What you should do: From the data below, copy exactly the lines that lie between the one holding "Een net opgemaakt" and the one holding "19 Salisbury Dr", including both, and nothing more.

Data records:
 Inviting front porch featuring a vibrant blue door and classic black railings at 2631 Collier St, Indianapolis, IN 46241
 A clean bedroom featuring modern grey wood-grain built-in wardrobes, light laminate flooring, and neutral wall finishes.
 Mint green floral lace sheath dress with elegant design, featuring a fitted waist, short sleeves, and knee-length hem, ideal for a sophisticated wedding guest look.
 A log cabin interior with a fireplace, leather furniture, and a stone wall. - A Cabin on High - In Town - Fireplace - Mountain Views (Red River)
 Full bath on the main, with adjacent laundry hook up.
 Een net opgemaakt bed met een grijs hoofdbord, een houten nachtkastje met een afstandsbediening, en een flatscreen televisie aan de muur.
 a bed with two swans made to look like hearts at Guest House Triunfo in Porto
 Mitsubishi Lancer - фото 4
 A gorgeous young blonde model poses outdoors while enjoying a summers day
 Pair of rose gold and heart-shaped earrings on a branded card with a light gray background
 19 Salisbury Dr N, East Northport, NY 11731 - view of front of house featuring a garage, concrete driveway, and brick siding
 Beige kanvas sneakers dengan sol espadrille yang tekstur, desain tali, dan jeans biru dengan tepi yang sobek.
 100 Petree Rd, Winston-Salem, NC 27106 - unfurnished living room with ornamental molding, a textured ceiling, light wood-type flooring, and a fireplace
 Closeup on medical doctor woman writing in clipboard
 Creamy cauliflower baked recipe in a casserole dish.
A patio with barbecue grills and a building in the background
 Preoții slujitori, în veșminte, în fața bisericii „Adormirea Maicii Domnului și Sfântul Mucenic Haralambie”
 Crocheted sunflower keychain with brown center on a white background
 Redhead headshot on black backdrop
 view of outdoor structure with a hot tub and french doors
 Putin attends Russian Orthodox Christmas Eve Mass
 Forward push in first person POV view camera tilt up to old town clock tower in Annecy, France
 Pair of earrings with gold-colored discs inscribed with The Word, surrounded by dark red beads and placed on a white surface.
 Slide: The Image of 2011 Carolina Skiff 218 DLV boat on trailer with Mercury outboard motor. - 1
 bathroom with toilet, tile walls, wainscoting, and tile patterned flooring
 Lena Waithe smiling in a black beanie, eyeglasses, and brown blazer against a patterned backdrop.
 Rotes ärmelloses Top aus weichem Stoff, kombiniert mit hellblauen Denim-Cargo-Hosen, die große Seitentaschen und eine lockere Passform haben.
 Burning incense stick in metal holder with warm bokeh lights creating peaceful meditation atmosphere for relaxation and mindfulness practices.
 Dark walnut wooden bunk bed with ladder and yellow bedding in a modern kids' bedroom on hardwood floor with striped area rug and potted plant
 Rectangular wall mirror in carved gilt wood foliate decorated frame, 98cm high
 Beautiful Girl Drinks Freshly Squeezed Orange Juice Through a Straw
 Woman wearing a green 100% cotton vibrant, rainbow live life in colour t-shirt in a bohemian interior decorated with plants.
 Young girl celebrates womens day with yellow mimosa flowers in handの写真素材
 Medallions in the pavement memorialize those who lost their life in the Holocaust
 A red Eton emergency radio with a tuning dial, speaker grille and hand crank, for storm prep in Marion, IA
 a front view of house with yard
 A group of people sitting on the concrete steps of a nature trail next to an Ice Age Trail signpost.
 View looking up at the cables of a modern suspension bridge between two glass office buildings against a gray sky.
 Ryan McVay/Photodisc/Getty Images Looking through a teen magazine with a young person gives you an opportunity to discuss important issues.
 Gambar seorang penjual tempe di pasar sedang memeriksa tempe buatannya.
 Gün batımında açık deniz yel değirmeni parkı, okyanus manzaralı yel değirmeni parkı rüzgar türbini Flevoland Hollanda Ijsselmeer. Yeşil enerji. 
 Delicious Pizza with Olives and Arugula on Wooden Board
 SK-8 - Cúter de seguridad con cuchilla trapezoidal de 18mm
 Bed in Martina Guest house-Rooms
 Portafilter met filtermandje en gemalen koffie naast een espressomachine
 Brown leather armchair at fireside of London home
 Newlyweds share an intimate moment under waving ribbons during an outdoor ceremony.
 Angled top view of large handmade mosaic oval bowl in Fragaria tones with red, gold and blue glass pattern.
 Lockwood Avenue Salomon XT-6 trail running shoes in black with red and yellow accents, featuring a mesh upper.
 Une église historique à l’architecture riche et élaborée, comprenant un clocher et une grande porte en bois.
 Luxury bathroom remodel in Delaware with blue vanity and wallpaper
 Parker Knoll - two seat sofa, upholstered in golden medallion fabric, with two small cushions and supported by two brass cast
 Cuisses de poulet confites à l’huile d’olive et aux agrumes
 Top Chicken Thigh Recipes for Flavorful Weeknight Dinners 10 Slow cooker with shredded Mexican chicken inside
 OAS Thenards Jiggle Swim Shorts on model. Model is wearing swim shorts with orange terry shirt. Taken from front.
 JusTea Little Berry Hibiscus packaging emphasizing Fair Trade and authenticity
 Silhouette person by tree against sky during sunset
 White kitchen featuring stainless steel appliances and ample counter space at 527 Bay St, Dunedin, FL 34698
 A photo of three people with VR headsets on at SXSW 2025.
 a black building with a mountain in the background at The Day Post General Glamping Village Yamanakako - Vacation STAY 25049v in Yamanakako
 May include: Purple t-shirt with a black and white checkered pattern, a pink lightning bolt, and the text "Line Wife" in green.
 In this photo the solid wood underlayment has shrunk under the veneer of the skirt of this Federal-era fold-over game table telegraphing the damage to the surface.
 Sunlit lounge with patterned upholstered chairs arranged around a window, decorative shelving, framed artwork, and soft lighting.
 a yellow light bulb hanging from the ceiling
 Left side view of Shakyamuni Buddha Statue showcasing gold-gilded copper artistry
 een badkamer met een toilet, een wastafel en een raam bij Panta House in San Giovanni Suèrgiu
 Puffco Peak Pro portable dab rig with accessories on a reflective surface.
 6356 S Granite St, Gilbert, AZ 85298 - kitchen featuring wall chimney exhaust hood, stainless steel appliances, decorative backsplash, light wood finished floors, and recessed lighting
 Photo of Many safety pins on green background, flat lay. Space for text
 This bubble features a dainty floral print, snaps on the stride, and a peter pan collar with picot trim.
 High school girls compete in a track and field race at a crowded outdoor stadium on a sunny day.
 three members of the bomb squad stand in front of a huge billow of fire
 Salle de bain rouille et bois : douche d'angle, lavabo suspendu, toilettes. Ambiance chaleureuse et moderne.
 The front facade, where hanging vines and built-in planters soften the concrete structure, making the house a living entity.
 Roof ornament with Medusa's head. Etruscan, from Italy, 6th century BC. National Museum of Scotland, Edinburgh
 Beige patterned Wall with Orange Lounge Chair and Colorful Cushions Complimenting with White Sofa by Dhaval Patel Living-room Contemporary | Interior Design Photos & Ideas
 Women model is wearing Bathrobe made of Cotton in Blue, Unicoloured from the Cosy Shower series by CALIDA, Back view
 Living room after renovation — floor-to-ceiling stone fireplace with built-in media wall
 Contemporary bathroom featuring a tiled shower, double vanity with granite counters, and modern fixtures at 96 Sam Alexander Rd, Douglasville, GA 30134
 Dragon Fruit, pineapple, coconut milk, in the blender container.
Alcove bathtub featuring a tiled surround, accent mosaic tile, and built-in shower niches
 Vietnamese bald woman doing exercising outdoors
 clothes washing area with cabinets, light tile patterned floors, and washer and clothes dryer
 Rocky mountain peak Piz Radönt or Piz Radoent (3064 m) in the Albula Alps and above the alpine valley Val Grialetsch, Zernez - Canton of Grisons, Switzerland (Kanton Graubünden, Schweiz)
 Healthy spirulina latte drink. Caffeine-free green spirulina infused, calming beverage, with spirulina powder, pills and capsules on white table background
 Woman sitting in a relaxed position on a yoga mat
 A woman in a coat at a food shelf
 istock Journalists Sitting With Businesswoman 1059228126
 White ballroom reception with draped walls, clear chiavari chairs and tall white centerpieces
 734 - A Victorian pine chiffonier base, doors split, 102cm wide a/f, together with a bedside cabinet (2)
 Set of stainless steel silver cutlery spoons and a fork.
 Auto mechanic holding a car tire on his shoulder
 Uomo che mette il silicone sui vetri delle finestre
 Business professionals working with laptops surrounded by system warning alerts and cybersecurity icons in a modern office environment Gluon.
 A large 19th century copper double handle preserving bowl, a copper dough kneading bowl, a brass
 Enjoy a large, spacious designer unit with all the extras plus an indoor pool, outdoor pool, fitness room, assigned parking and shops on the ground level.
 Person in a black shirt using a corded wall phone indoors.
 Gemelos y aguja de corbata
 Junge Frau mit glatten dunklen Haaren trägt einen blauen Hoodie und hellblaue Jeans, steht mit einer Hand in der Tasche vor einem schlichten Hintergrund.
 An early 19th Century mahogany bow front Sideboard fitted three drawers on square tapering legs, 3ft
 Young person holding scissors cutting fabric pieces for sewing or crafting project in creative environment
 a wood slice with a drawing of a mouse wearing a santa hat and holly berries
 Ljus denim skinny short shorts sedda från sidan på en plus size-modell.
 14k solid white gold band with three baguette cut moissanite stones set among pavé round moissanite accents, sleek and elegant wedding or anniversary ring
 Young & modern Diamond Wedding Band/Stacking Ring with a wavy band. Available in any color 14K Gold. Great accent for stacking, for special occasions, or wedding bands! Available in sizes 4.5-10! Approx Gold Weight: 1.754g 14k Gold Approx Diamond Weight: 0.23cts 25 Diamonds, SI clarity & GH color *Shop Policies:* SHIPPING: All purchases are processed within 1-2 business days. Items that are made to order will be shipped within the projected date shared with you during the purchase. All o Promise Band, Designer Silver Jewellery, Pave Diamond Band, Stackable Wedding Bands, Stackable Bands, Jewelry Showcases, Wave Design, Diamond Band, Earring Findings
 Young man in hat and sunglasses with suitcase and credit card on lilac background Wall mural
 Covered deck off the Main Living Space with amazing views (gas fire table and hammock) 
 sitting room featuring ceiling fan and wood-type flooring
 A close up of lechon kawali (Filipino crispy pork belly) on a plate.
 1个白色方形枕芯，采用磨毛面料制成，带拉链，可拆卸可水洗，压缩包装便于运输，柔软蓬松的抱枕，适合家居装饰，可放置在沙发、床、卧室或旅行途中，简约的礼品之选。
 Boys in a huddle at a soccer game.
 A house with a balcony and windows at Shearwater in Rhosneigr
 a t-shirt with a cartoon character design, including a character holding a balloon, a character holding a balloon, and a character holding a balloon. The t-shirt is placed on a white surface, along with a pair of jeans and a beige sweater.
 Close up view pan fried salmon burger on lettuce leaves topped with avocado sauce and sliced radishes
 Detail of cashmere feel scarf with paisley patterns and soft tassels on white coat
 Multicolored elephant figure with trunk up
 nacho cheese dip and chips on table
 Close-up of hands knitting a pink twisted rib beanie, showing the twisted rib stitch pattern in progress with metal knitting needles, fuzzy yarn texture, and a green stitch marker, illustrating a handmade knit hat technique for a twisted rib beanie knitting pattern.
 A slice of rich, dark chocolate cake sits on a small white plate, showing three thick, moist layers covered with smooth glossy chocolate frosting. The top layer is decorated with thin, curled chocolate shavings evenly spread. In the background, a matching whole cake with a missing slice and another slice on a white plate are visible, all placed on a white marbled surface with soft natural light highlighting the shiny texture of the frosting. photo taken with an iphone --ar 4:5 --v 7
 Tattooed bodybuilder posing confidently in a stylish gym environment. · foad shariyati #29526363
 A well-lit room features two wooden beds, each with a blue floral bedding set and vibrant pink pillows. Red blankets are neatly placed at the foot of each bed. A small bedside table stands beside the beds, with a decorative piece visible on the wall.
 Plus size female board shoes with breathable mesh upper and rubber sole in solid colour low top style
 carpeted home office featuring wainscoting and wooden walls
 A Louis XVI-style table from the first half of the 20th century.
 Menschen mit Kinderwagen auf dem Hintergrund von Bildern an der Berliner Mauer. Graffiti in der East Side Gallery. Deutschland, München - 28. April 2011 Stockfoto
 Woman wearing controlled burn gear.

Answer box:
 Een net opgemaakt bed met een grijs hoofdbord, een houten nachtkastje met een afstandsbediening, en een flatscreen televisie aan de muur.
 a bed with two swans made to look like hearts at Guest House Triunfo in Porto
 Mitsubishi Lancer - фото 4
 A gorgeous young blonde model poses outdoors while enjoying a summers day
 Pair of rose gold and heart-shaped earrings on a branded card with a light gray background
 19 Salisbury Dr N, East Northport, NY 11731 - view of front of house featuring a garage, concrete driveway, and brick siding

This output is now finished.